Bill Barrett awoke Wednesday with a hacking cough. The Stuart man then stunned to see an unsettling view from his condo. There are thick streaks of blue-green algae in the St. Lucie River.
“Unless we have some type of massive hurricane event, I think this is here to stay," said Barrett from his balcony.
Barrett’s fishing rods are getting little use. He also has no use for those who say freshwater discharges from Lake Okeechobee aren’t the primary problem here.
“If I had known this is what they’re doing with Lake Okeechobee water, I would never have come to Stuart.”
To the north in Port St. Lucie, a map is laid out highlighting the 18 to 20-thousand septic systems in the city. A year-long water quality study is about to kick off to see what kind of impact they have on the North Fork of the St. Lucie River.
“Basically, we’re going to see if we can isolate the source or sources of said contamination," said Port St. Lucie Utilities Lab Manager Joe Presti.
Starting this week, crews will hit various locations along the river and in neighboring canal banks to collect samples that will be sent to the Department of Environmental Protection, which is funding most of the testing.
Port St. Lucie mayor Greg Oravec says the study is being done now because 'enough is enough.'
“You don’t have to live on the river to be a part of it.
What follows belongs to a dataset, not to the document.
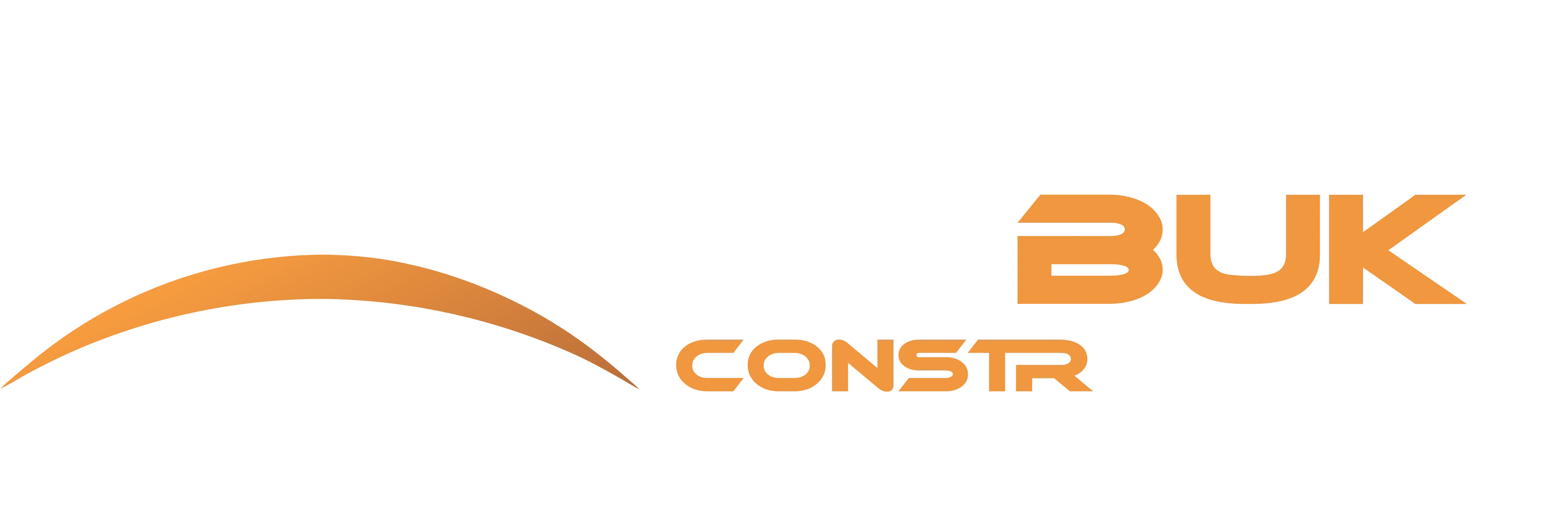 MIBUK CONSTRUCTIONS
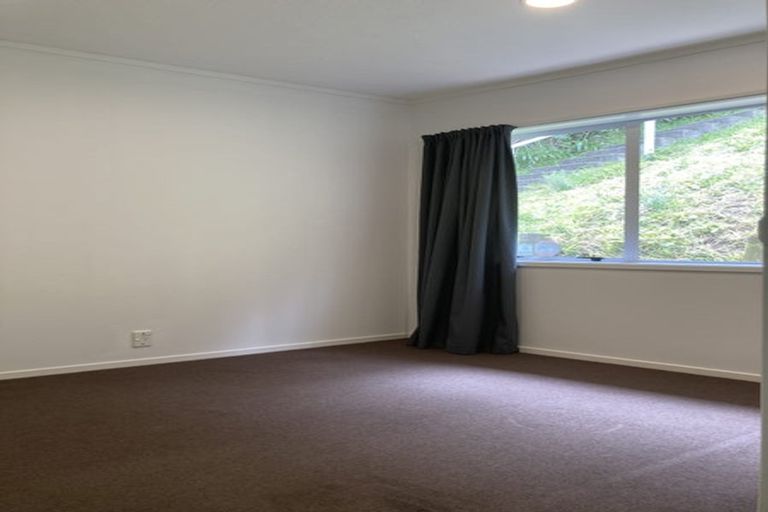 Photo of property in 44 Bedford Street, Northland, Wellington, 6012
All you have to do is be a part of the watershed," said the mayor.
Testing will be done during June, July and August then during the next dry season from February to May.
Mayor Oravec says 21 out of the past 31 months has seen health advisories in place for the North Fork.
The Department of Environmental Protection collected samples from the Leighton Park boat ramp in Palm City Monday. Those test results have yet to be released.